Jemison Internal Medicine discloses ransomware event
From their notification of February 16, 2018 to 6,550 patients, a reminder of the value of good backups. But yet another incident where investigation of a new incident uncovers evidence of a previously undetected intrusion:
Privacy Event at Jemison Internal Medicine, PC
Jemison Internal Medicine, PC (“JIM”) of Jemison, Alabama has advised its patients of a privacy event that may have compromised certain personal information. The incident is believed to be the result of criminal activity.
On December 20, 2017, JIM’s computer system was infected by a ransomware virus that encrypted its electronic medical record (EMR) software containing patients’ medical records. The ransomware demanded monetary payment from JIM in order to decrypt the files and allow the practice to regain access to them. JIM did not pay the ransom to the cyber criminals, but instead removed the virus by reinstalling the operating system on its server and then restoring its patient records from backup copies. Subsequent scans of the practice’s computer system have shown no additional indications of the ransomware.

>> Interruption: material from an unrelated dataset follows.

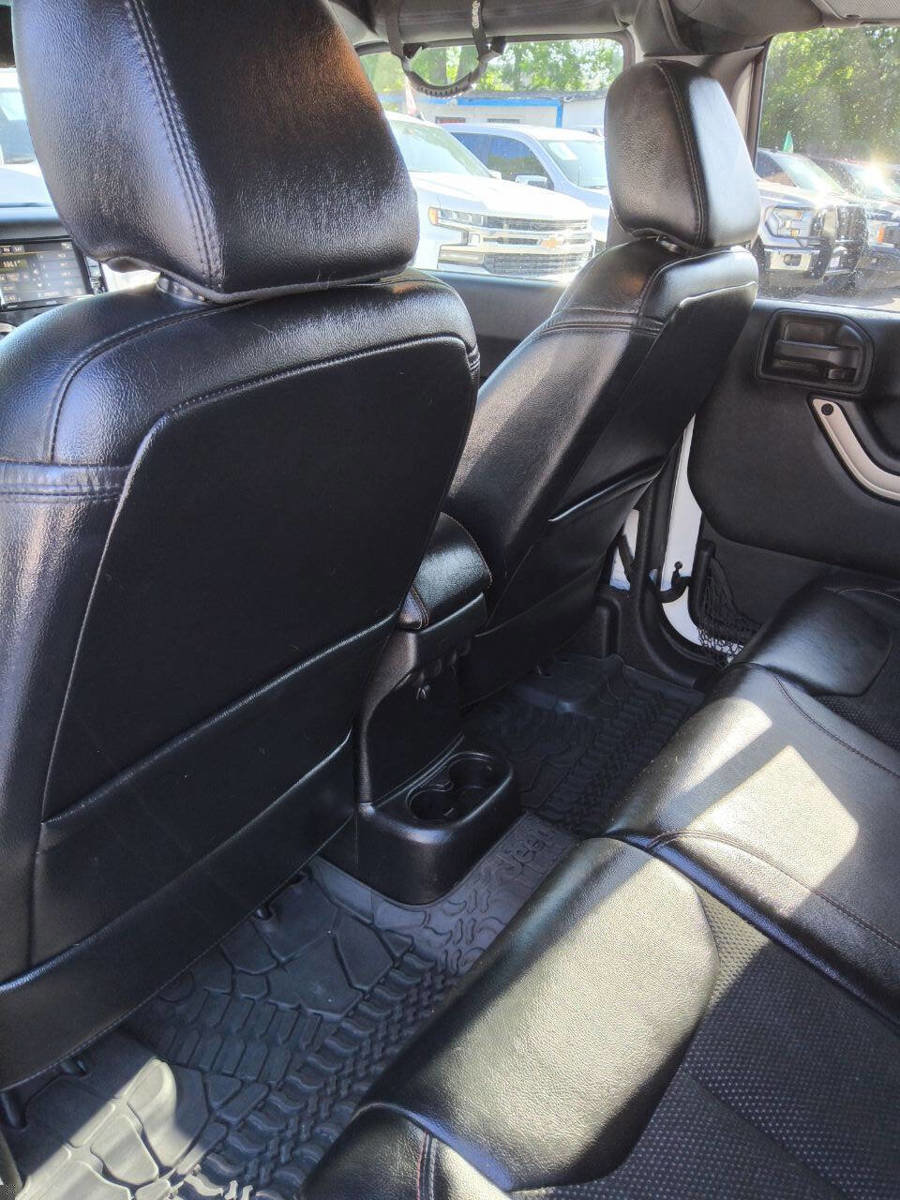 Used 2016 Jeep Wrangler Unlimited Sahara AWD/4WD image 18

JIM’s investigation of the incident did find, however, that the ransomware attack was launched by an unknown hacker who gained access to its computer system without its knowledge between September and December 2017. JIM has not found any confirming that the hacker actually accessed any files within its EMR system during the times he gained access, but it is possible that he could have done so. Therefore, JIM has chosen to notify all of its patients about the incident out of an abundance of caution. In that regard, it is possible that this unauthorized individual could have accessed files in JIM’s EMR system, which includes patient information, including names, addresses, telephone numbers, Social Security numbers, dates of birth, driver’s license numbers, treatment or procedure information, prescription information, and/or healthcare insurance information.